Set down nothing but the lines from the one containing "FB Jewels 10kt" to the final line of the material, exactly as written, and drop the pictures.

══ Extracted data

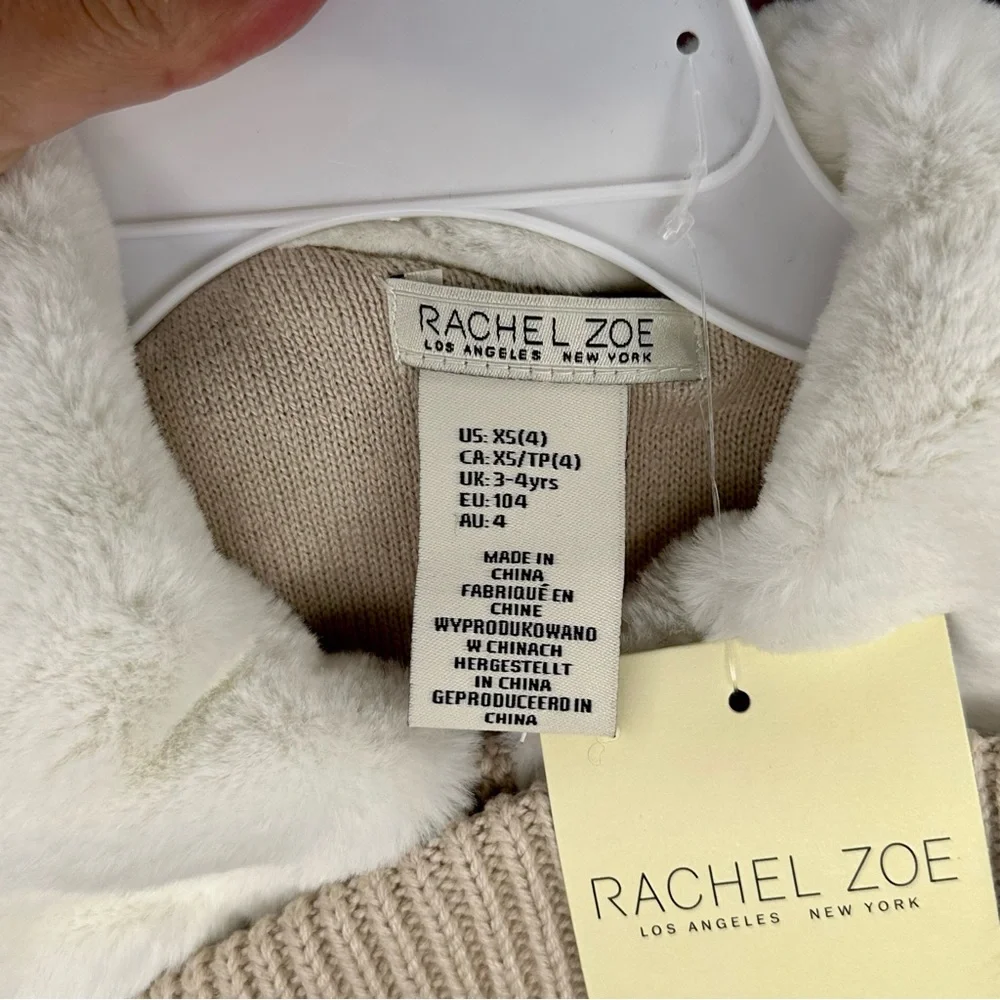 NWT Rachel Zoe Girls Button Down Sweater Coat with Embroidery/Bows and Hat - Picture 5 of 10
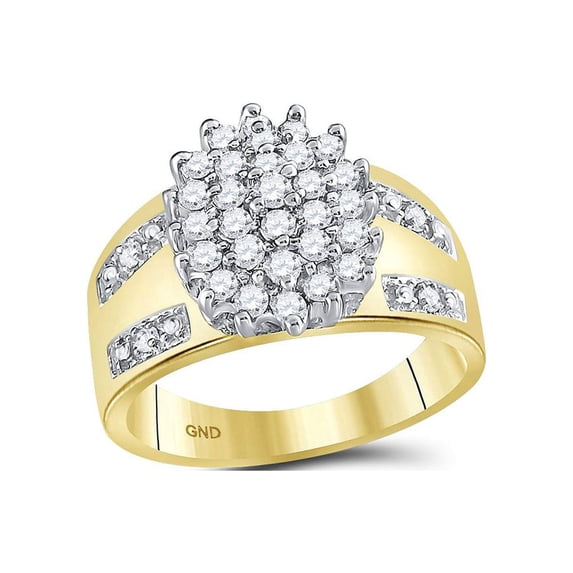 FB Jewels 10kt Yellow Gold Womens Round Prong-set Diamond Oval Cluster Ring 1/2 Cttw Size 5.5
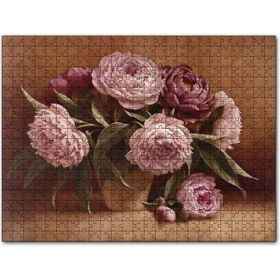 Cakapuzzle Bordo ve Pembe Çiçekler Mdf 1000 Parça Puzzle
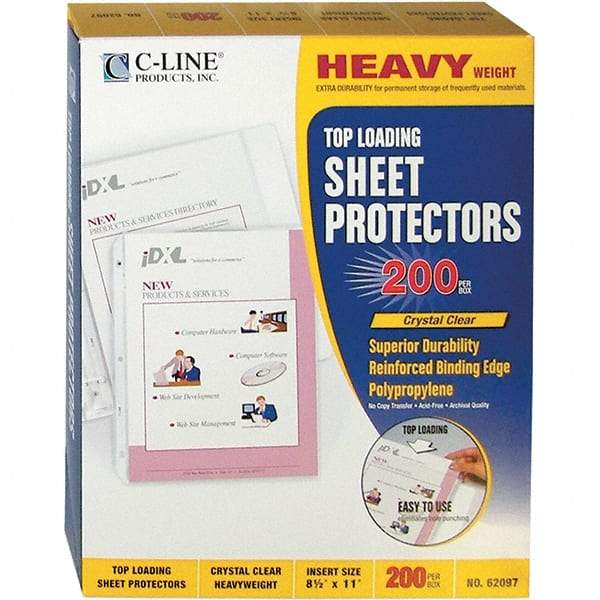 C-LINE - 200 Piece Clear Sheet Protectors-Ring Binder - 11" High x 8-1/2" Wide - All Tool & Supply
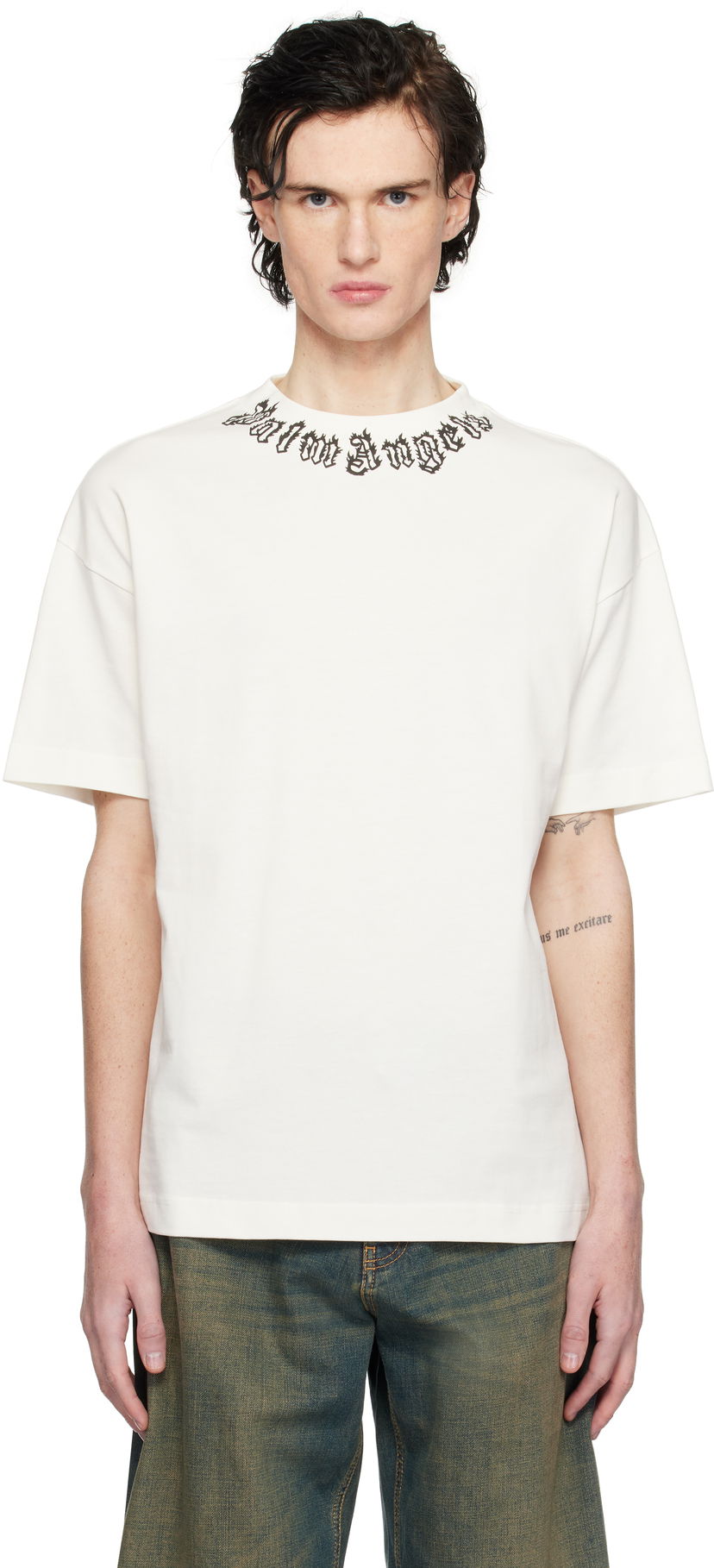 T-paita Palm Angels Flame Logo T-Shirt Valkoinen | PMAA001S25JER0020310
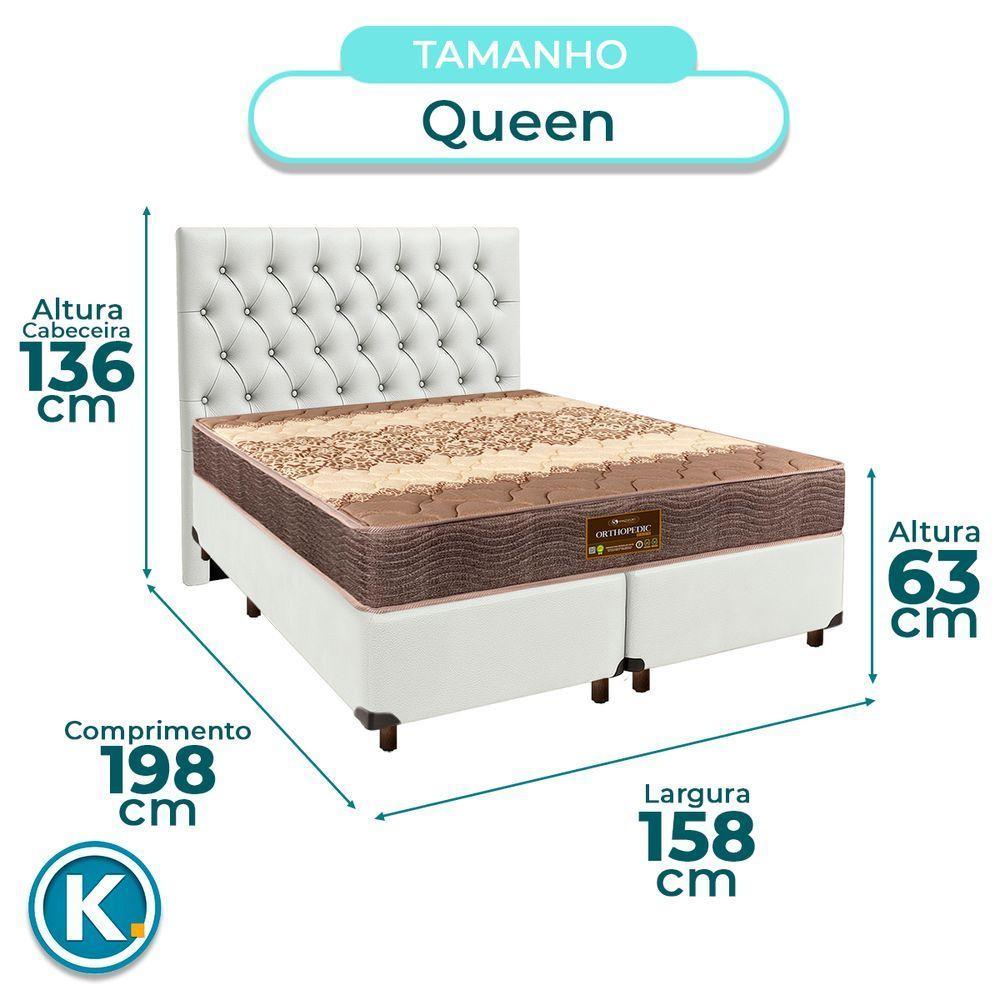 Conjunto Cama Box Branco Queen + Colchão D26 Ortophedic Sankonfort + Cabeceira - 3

════

• Expected answer:
 FB Jewels 10kt Yellow Gold Womens Round Prong-set Diamond Oval Cluster Ring 1/2 Cttw Size 5.5
 Cakapuzzle Bordo ve Pembe Çiçekler Mdf 1000 Parça Puzzle
 C-LINE - 200 Piece Clear Sheet Protectors-Ring Binder - 11" High x 8-1/2" Wide - All Tool & Supply
 T-paita Palm Angels Flame Logo T-Shirt Valkoinen | PMAA001S25JER0020310
 Conjunto Cama Box Branco Queen + Colchão D26 Ortophedic Sankonfort + Cabeceira - 3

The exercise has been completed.